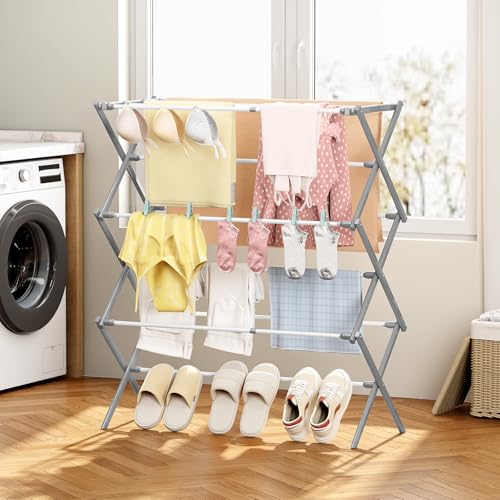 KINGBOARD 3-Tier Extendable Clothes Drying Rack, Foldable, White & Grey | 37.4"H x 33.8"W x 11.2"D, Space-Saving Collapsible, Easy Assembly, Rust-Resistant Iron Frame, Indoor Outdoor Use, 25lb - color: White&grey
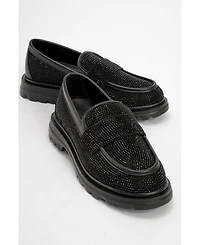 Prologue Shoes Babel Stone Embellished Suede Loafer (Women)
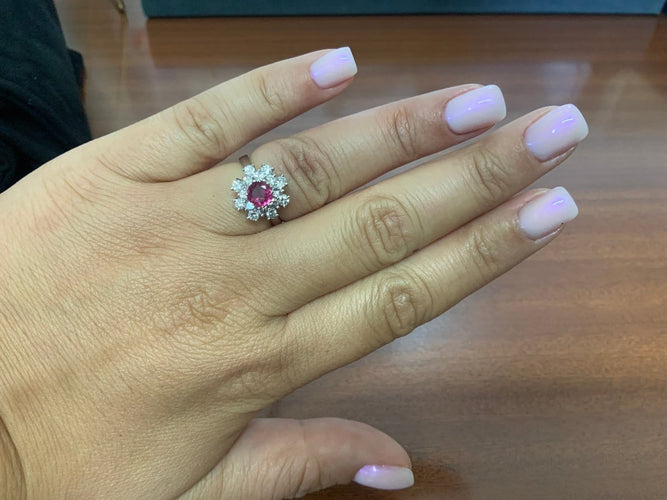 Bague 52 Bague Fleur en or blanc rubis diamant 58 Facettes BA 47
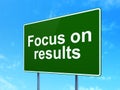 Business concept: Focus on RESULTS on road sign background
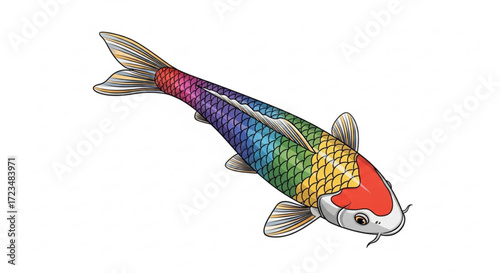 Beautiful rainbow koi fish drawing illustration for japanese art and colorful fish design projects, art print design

########

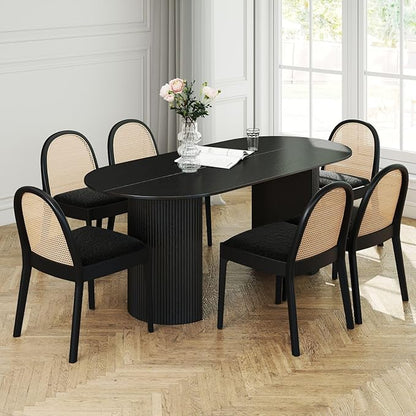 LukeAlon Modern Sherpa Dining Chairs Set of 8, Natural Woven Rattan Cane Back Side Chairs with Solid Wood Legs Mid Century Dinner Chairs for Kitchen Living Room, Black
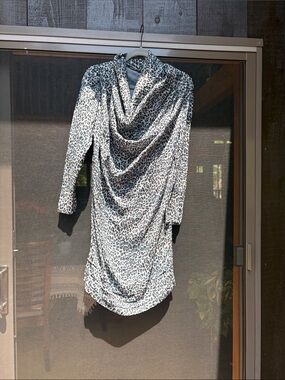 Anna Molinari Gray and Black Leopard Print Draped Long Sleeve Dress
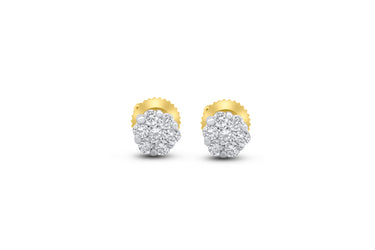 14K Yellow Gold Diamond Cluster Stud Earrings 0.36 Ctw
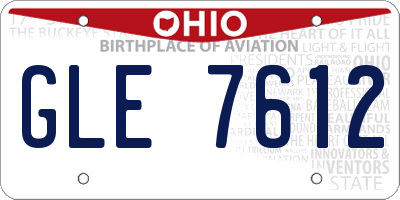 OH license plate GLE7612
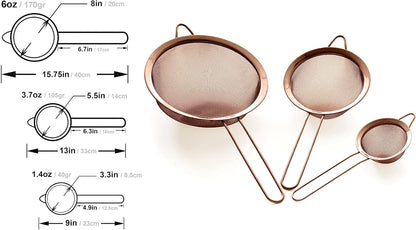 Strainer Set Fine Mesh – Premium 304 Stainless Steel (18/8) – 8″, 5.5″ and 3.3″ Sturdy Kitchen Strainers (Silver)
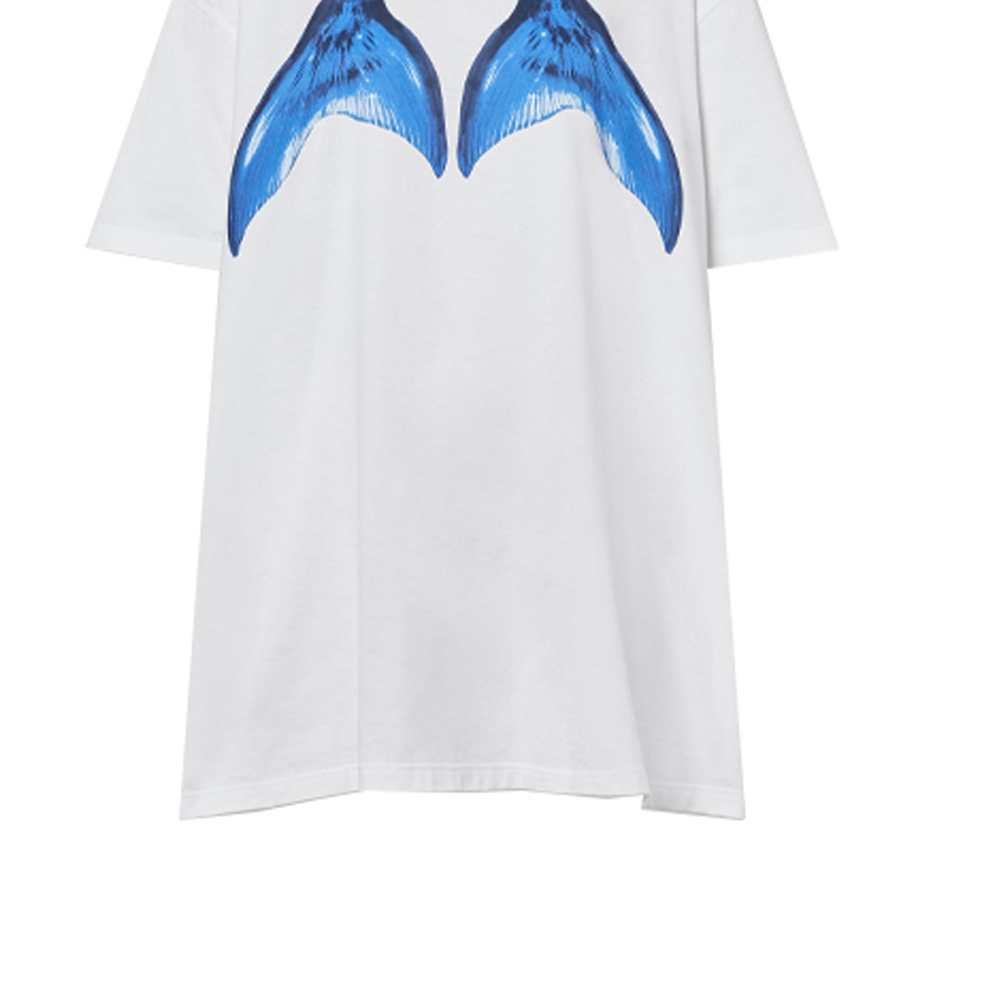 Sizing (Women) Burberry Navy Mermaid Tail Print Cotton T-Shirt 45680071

########

» Exercise requirements
In the records above, everything from the line with "Strainer Set Fine" down to the line with "Sizing (Women) Burberry" must be duplicated exactly, both lines kept. Leave no pictures in.

» Reply
 Strainer Set Fine Mesh – Premium 304 Stainless Steel (18/8) – 8″, 5.5″ and 3.3″ Sturdy Kitchen Strainers (Silver)
 Sizing (Women) Burberry Navy Mermaid Tail Print Cotton T-Shirt 45680071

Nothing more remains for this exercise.